:: ENTRIES SHOWN ::

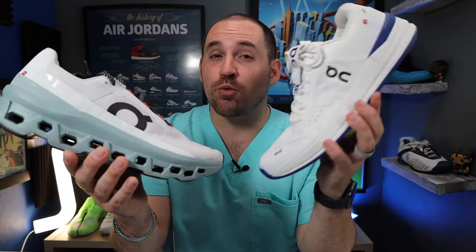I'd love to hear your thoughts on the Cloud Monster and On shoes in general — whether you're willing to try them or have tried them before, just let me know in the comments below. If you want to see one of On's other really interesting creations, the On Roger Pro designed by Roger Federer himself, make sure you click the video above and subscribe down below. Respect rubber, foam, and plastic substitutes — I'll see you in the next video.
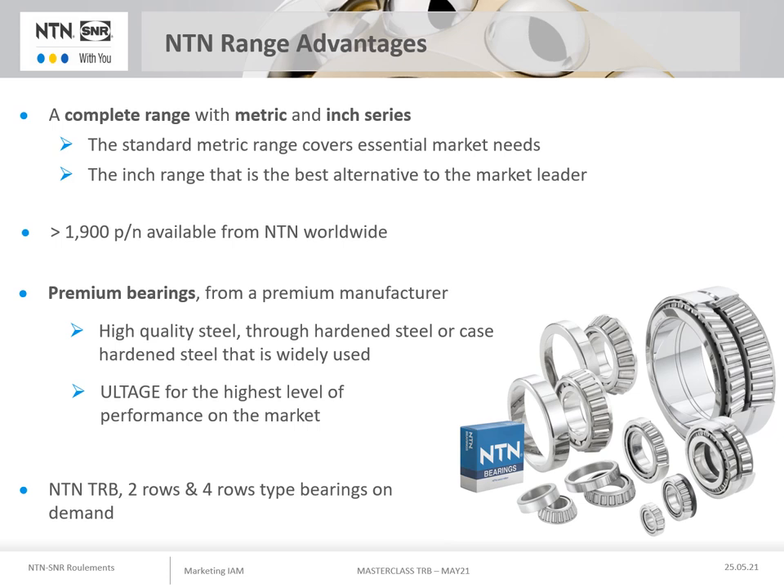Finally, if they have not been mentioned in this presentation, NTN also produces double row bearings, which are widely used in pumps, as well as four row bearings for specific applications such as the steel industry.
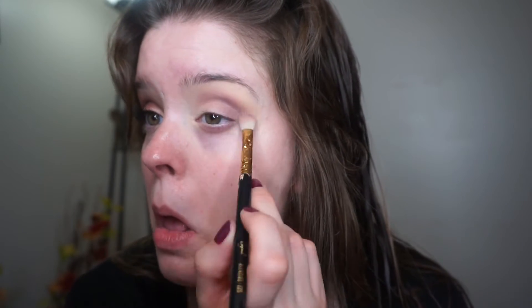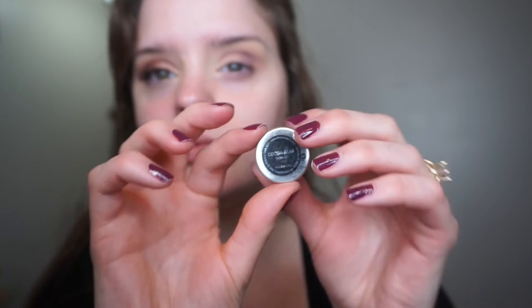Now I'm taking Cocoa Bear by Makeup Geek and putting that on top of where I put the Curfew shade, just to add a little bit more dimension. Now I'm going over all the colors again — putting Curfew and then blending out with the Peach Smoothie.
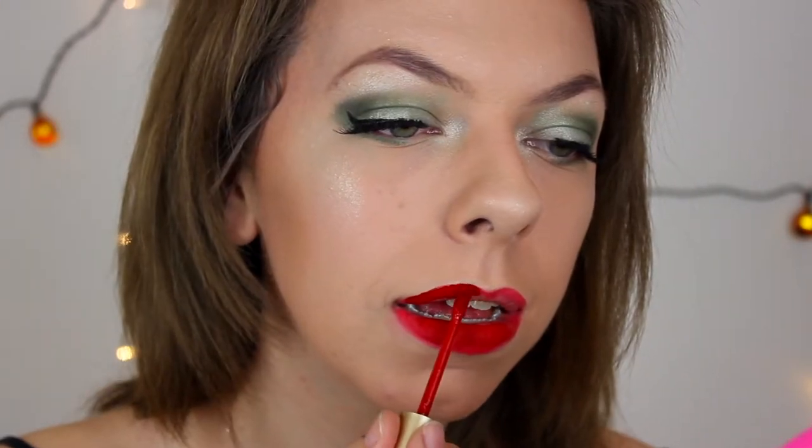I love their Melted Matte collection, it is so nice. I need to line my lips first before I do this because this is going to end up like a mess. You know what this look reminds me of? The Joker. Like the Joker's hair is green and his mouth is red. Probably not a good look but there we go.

:::
:: ENTRIES SHOWN ::

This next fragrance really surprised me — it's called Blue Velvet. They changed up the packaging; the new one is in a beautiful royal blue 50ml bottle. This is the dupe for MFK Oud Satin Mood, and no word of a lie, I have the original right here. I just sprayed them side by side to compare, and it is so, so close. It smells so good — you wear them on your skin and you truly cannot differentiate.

:::
:: ENTRIES SHOWN ::

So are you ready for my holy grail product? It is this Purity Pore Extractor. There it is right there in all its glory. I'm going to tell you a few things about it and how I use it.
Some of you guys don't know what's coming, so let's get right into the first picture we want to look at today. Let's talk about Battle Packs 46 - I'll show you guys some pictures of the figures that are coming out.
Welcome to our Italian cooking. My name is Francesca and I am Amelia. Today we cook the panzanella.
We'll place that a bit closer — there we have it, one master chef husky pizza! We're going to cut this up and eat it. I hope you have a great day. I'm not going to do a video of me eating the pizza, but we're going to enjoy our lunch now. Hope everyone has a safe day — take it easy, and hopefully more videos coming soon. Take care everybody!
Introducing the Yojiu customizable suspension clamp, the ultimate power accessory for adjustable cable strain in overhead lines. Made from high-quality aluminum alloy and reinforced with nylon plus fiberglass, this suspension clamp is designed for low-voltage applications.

:::

• EXERCISE DIRECTIONS: Would you output only the span of the records above that opens with the line containing "Finally, if they" and closes with the line containing "Now I'm taking", ends included and pictures dropped?

• EXERCISE OUTPUT:
Finally, if they have not been mentioned in this presentation, NTN also produces double row bearings, which are widely used in pumps, as well as four row bearings for specific applications such as the steel industry.
Now I'm taking Cocoa Bear by Makeup Geek and putting that on top of where I put the Curfew shade, just to add a little bit more dimension. Now I'm going over all the colors again — putting Curfew and then blending out with the Peach Smoothie.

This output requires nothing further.